In 1996, Egyptian geologist Aly Barakat discovered a tiny, one-ounce stone in the eastern Sahara. Ever since, scientists have been trying to figure out where exactly the mysterious pebble originated. As Popular Mechanics reports, it probably wasn't anywhere near Earth. A new study in Geochimica et Cosmochimica Acta finds that the micro-compounds in the rock don't match anything we've ever found in our solar system.

Scientists have known for several years that the fragment, known as the Hypatia stone, was extraterrestrial in origin. But this new study finds that it's even weirder than we thought. Led by University of Johannesburg geologists, the research team performed mineral analyses on the microdiamond-studded rock that showed that it is made of matter that predates the existence of our Sun or any of the planets in the solar system. And, its chemical composition doesn't resemble anything we've found on Earth or in comets or meteorites we have studied.

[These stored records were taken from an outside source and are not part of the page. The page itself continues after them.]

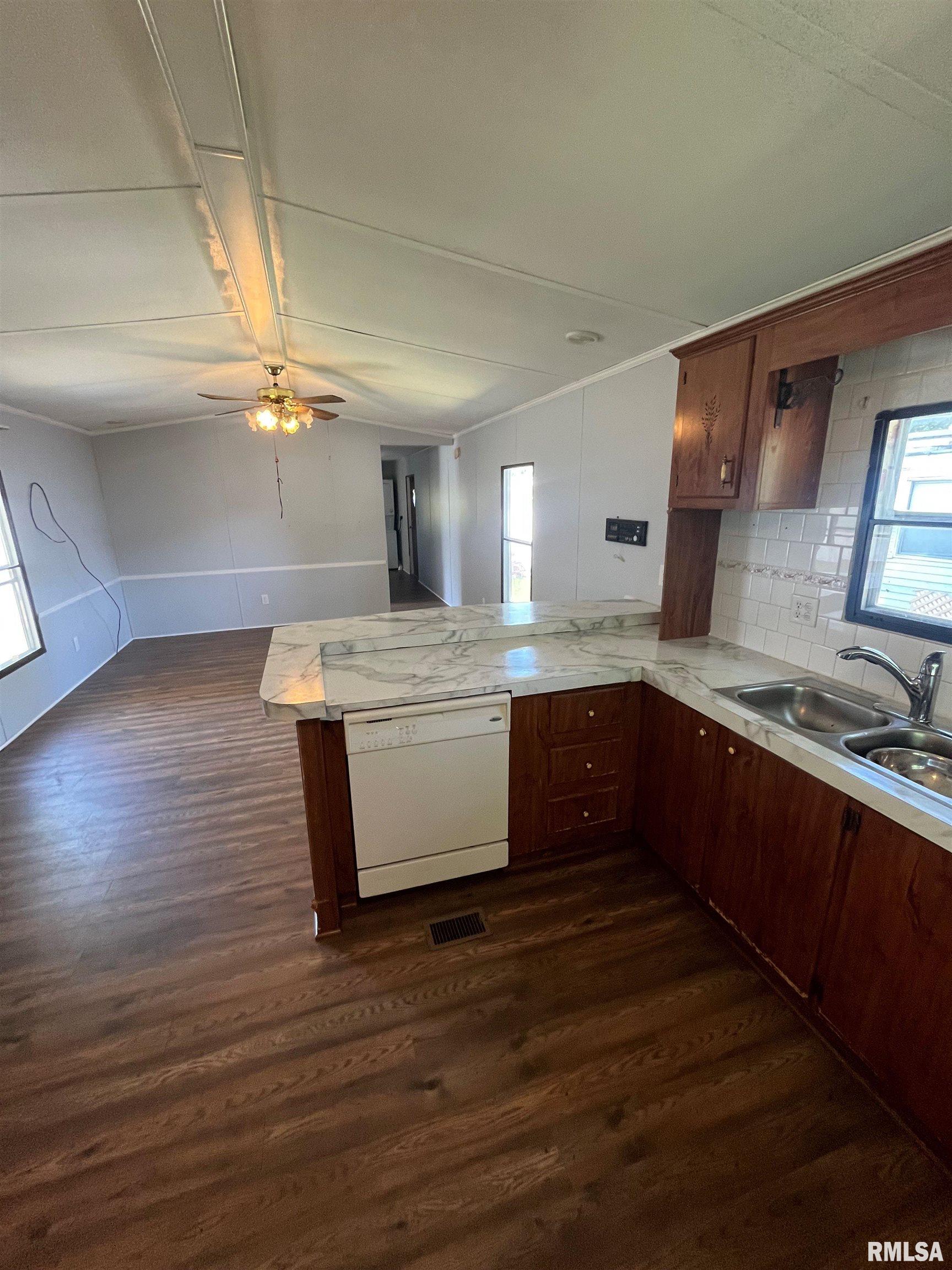 3500 North Dirksen Parkway, Unit 84 Springfield, IL 62702 - Photo 11 of 15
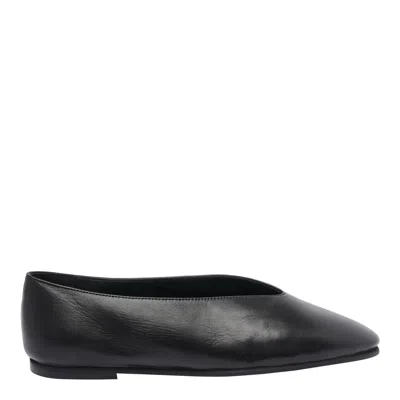 Poeve Leather Ballet Flats In Black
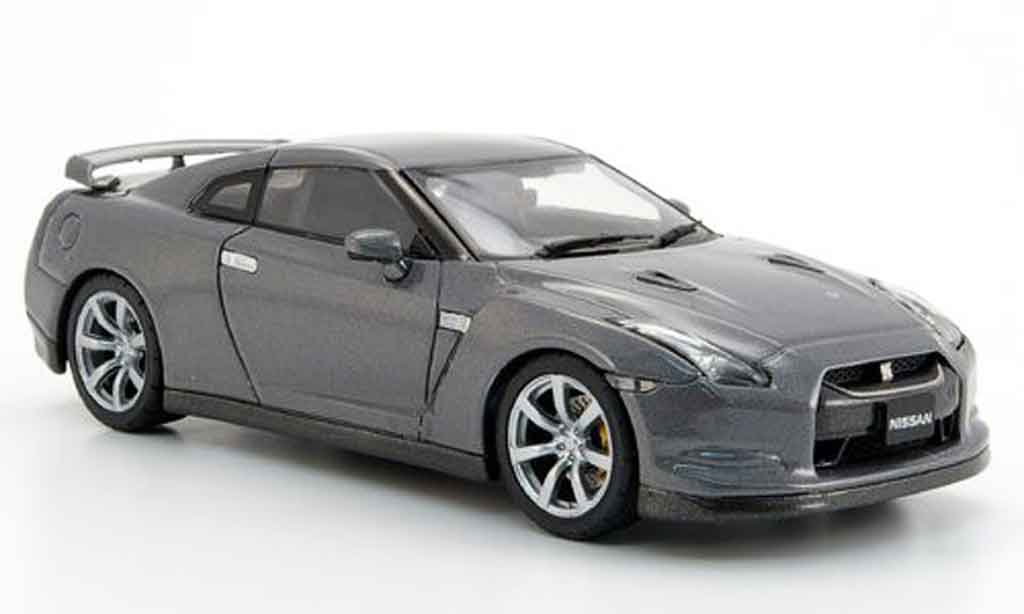 Nissan Skyline R35 1/43 Ebbro R35 GT R grijs 2007 modelauto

Lead researcher Jan Kramers told Popular Mechanics that the rock was likely created in the early solar nebula, a giant cloud of homogenous interstellar dust from which the Sun and its planets formed. While some of the basic materials in the pebble are found on Earth—carbon, aluminum, iron, silicon—they exist in wildly different ratios than materials we've seen before. Researchers believe the rock's microscopic diamonds were created by the shock of the impact with Earth's atmosphere or crust.

"When Hypatia was first found to be extraterrestrial, it was a sensation, but these latest results are opening up even bigger questions about its origins," as study co-author Marco Andreoli said in a press release.

The study suggests the early solar nebula may not have been as homogenous as we thought. "If Hypatia itself is not presolar, [some of its chemical] features indicate that the solar nebula wasn't the same kind of dust everywhere—which starts tugging at the generally accepted view of the formation of our solar system," Kramer said.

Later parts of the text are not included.